I had been trying my own meditation to calm and center myself, but it wasn't working, so yesterday, when I had a rare hour to myself, I searched through my podcasts and found a meditation called "Deep Centering." I figured that was what I needed, so I turned it on. It worked.

I still am not completely sure what it was that was causing my sleeplessness. I'm assuming it was a combination of things, including anxiety, hormones, stress, etc. But the meditation helped me let so much of it go.

A big chunk of the experience had me focus on my center. I searched for my center at first in my abdomen, the literal center, but it didn't feel right. I moved to my chest, my heart, thinking my center was there, perhaps, but it didn't feel authentic. Then I thought of what I learned at seminar about chakras. The crown of the head is the cosmic consciousness, enlightenment, and connection to deity. I searched for my center there, and found it. That was what had been off balance most, missing more than I realized. As I adjusted to make that my center, things began sliding back into place. I calmed and floated to a sphere of peace. It was amazing and very...centering.

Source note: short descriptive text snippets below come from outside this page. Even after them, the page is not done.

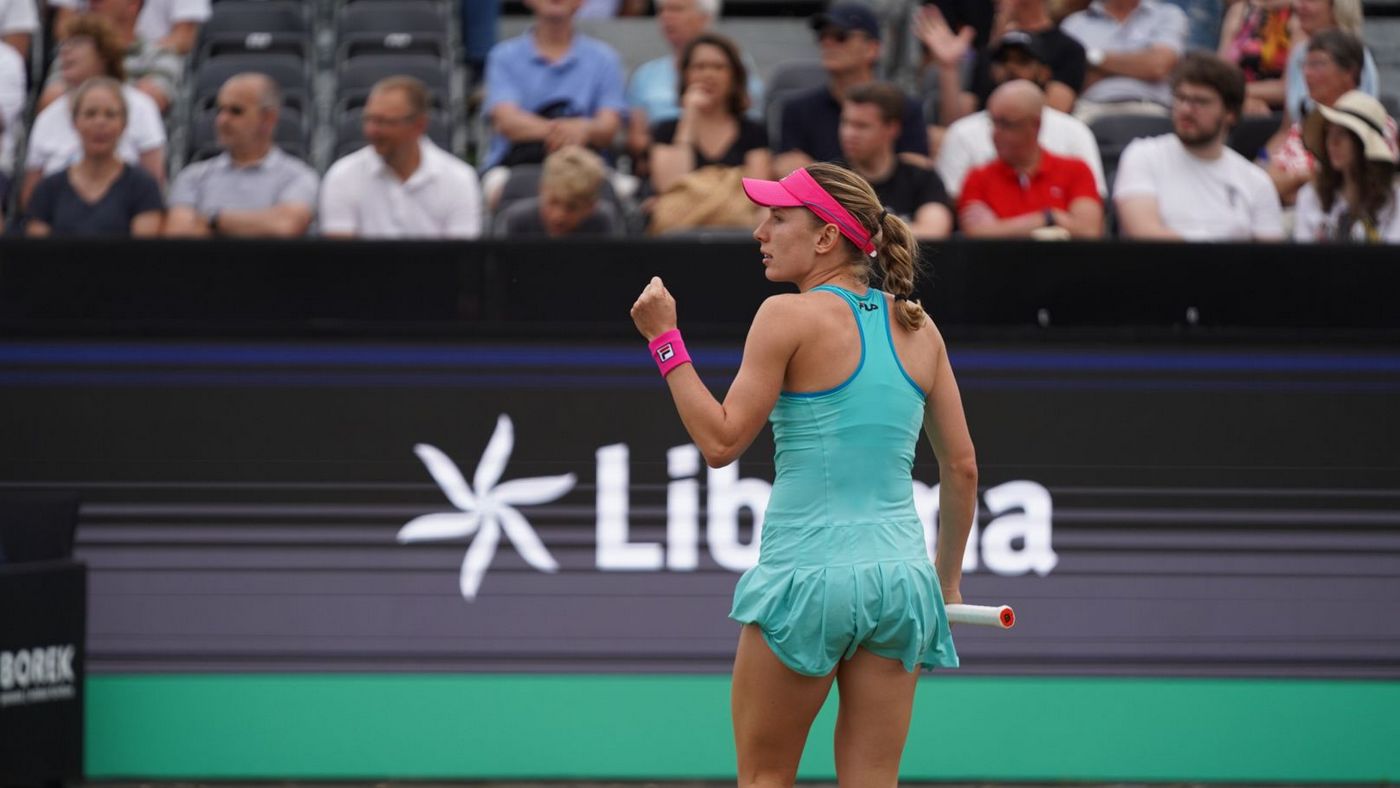 Екатерина Александрова 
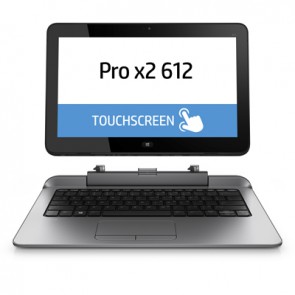 HP Pro x2 612 G1 (F1P94EA#BCM)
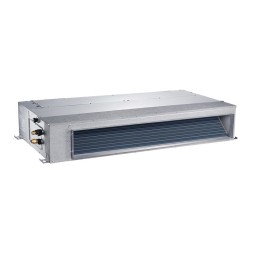 Kentatsu KSKR105HFAN3/KSUR105HFAN3/-40 канальный кондиционер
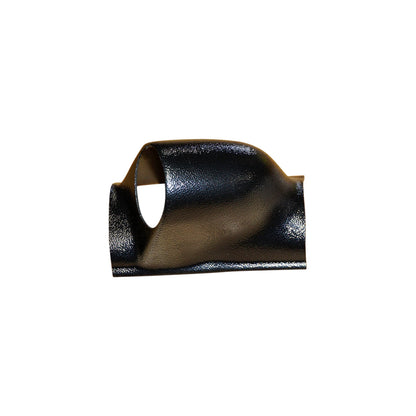 BLOX Racing 88-91 Honda Civic/CRX Pillar Pod Gauge Mount - 1 Gauge BXPP-31972-1 BXPP-31972-1 User 1
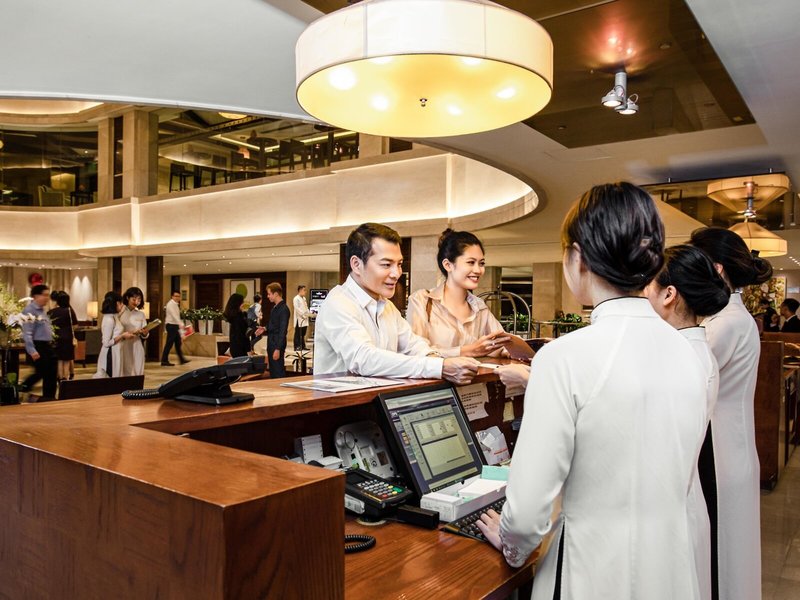 Intercontinental Hanoi Westlake 11
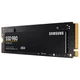 SSD диск Samsung 980 250GB (MZ-V8V250BW) - зображення 2
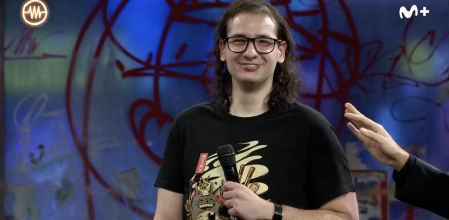 Un espectador de 'La Resistencia' conquista a David Broncano: 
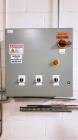 Used Formpak Model Bagflo 500-FL Super Sack Unloader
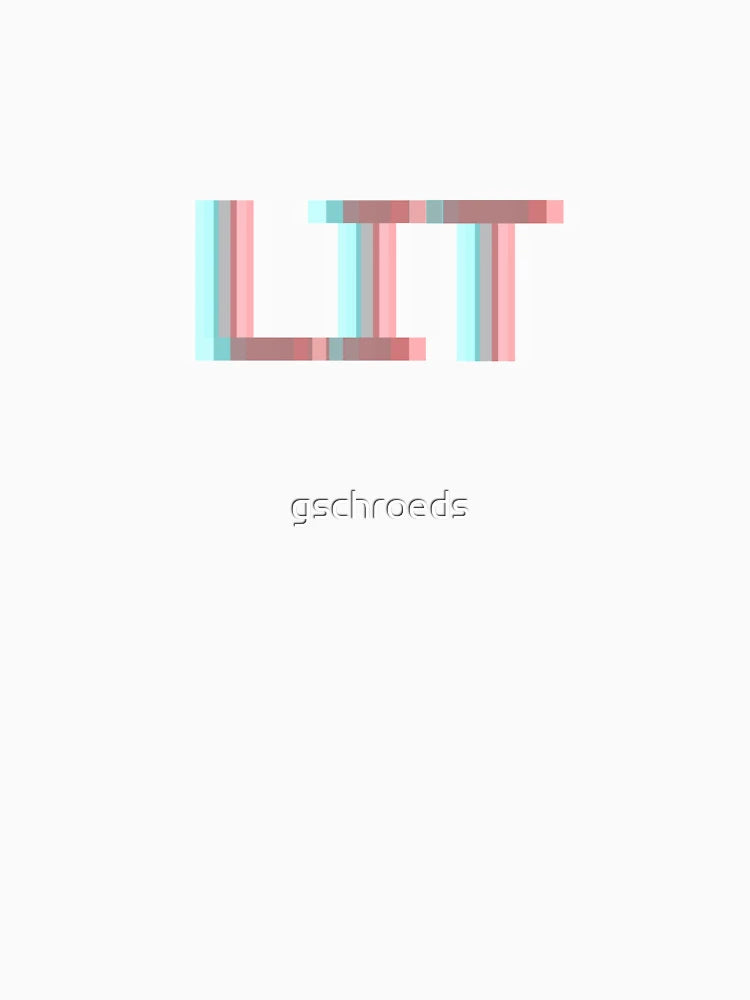 LIT - 3D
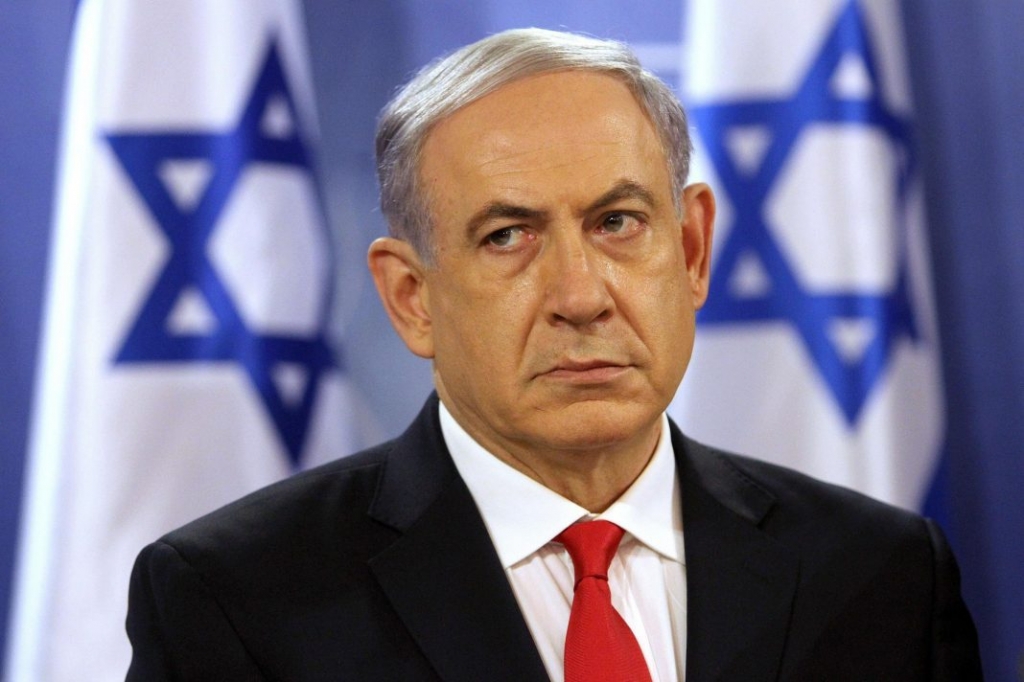 Israel's attorney-general orders criminal probe against PM Netanyahu: TV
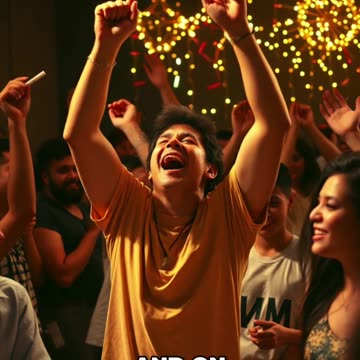 "Faith and Fortitude: Our Triumph on November 5th"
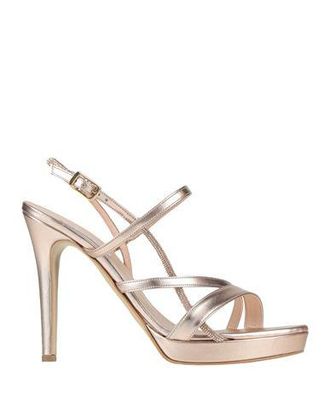 VICTORIA CHRIS Sandals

I can tell I'm still not completely in balance. Some adjustments still need to be made, but I'm so grateful this big piece fell back into alignment.

I am very religious and believe that gospel principles are the main foundation and building blocks to finding peace, but I also believe that God speaks to us in many different ways. Sometimes, for whatever reason, we block or struggle to connect with one of God's languages. I was reading my scriptures, saying my prayers, but found it so hard to focus that I could not hear what He was trying to say to me through those avenues. He is so loving that He provides multiple connections to Him through multiple means. There is peace and truth in anything that connects us to Him. We must use our discernment to determine what is needed at what time. He has given us so many tools and opportunities. He has provided so many systems, and He places just the right people in our lives.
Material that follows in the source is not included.